_STUDY MATERIAL:_
.....

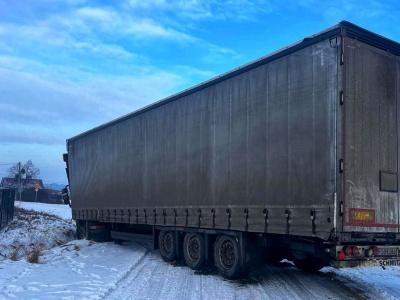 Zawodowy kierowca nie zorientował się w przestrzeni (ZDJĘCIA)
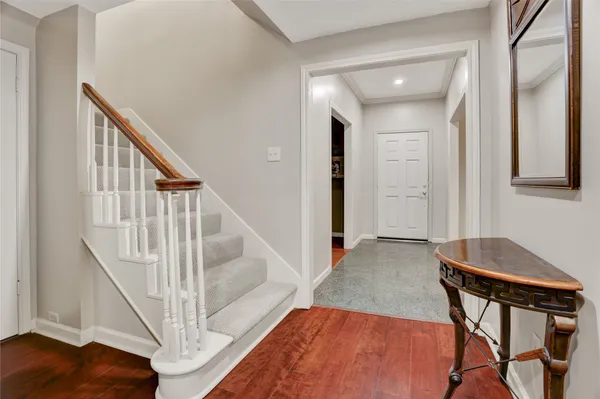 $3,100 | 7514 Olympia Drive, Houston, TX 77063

.....

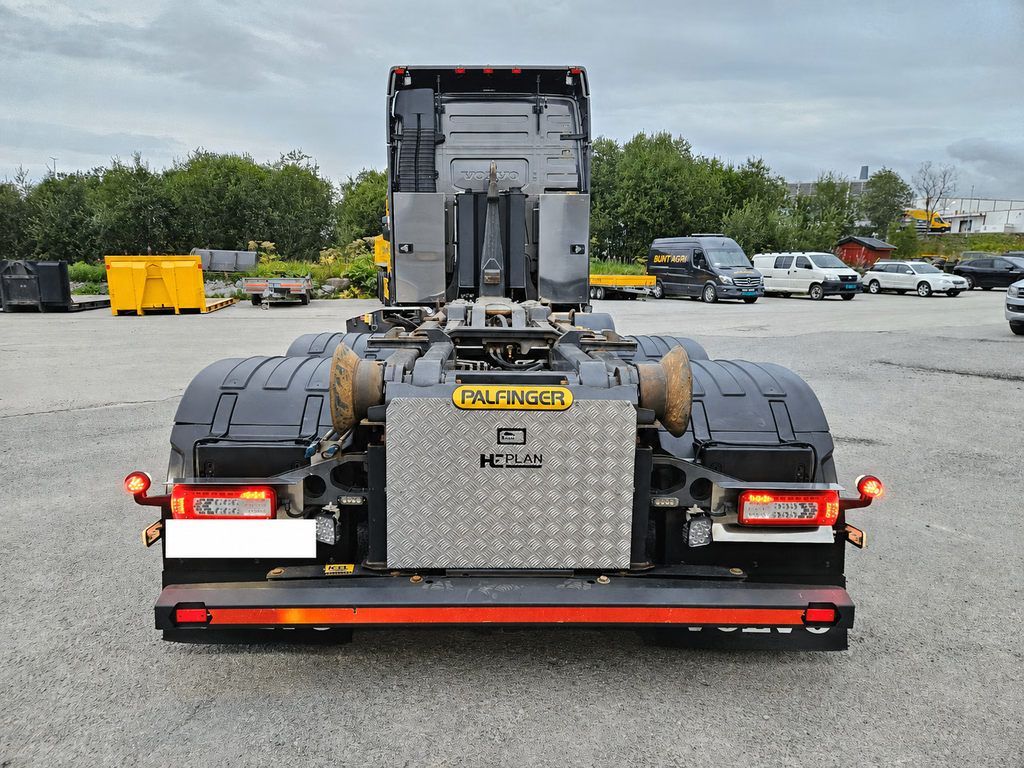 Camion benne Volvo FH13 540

.....

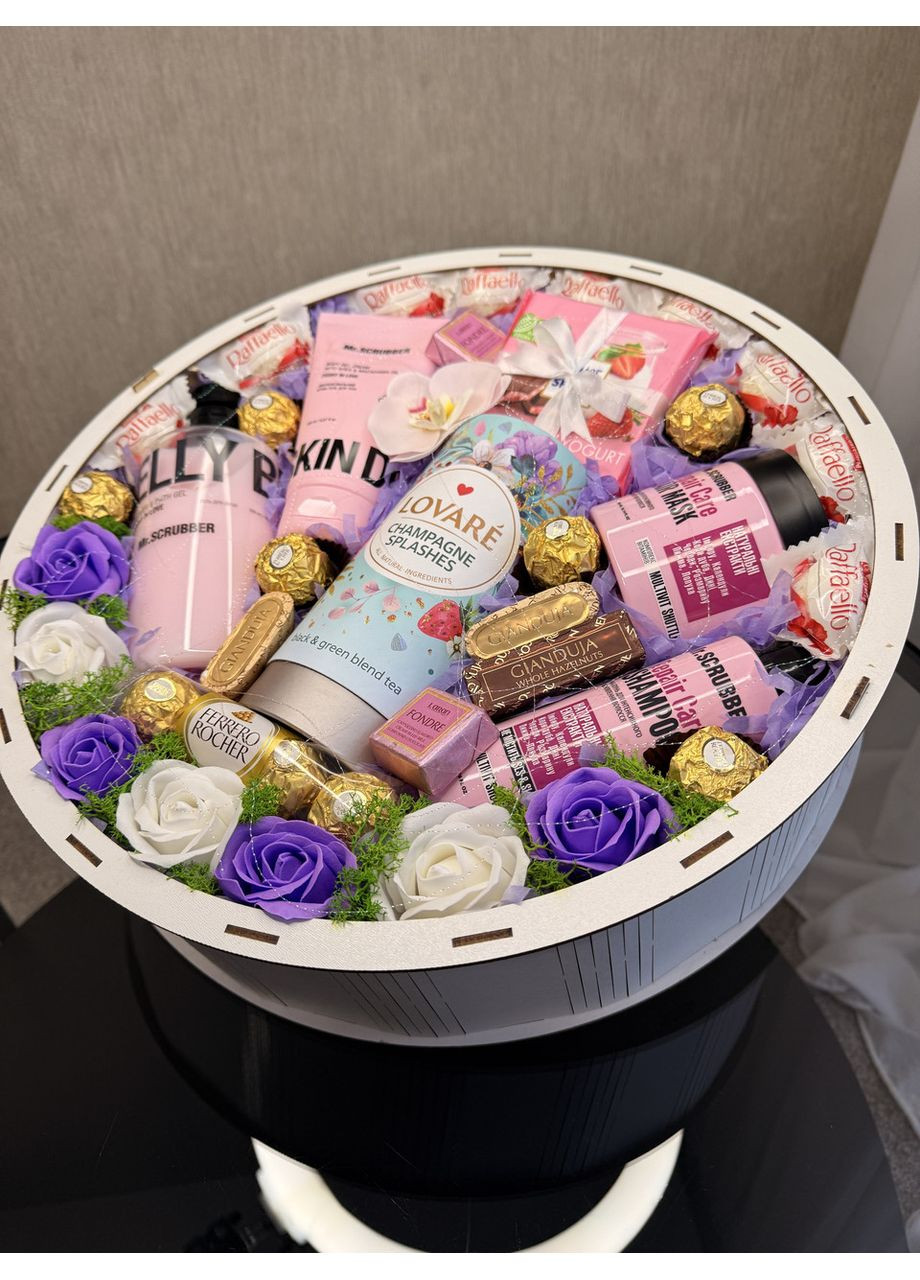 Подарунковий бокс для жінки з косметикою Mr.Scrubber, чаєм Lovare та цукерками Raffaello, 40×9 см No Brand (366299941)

.....

_WHAT THE EXERCISE ASKS:_ In the entries above, which lines run from the one with "Zawodowy kierowca nie" up to and including the one with "Houston, TX 77063"? Write them out exactly, without the pictures.

_YOUR SOLUTION:_
 Zawodowy kierowca nie zorientował się w przestrzeni (ZDJĘCIA)
 $3,100 | 7514 Olympia Drive, Houston, TX 77063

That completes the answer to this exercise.